PROBLEM REQUIREMENTS: In the data below, which lines contain "Chapter"? List them by copying each one.
# # # # # # #
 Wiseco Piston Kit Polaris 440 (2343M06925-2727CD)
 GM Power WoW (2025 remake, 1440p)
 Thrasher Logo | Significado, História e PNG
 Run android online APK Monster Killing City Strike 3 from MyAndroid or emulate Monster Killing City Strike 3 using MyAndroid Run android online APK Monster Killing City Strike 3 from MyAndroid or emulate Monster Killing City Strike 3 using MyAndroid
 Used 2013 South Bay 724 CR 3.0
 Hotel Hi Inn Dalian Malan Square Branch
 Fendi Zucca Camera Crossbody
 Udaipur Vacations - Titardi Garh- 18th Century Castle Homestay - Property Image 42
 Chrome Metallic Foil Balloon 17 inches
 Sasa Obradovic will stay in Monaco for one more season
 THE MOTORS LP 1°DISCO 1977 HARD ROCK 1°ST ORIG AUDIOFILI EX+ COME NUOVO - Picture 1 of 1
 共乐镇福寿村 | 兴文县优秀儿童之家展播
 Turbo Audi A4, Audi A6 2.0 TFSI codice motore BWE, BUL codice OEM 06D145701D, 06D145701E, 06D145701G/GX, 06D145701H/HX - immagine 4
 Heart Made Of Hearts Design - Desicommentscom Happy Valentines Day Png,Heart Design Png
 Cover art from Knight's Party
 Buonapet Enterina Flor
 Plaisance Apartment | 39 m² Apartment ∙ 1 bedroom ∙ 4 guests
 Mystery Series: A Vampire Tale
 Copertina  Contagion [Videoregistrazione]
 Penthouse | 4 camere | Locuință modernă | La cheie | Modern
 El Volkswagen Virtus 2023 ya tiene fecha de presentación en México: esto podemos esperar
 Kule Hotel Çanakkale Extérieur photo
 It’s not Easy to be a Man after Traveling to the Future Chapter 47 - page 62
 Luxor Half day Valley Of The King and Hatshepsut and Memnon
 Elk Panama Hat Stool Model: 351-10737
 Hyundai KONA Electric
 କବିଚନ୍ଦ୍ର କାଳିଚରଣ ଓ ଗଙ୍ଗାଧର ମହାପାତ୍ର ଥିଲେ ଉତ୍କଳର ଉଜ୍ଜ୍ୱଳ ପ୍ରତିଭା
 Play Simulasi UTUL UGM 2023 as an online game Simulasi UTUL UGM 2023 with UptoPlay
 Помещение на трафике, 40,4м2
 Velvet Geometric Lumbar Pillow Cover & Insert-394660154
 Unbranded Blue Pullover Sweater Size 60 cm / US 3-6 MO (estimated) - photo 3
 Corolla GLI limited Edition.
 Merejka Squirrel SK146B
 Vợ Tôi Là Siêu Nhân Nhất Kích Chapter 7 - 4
# # # # # # #
REPLY TO THE EXERCISE:
 It’s not Easy to be a Man after Traveling to the Future Chapter 47 - page 62
 Vợ Tôi Là Siêu Nhân Nhất Kích Chapter 7 - 4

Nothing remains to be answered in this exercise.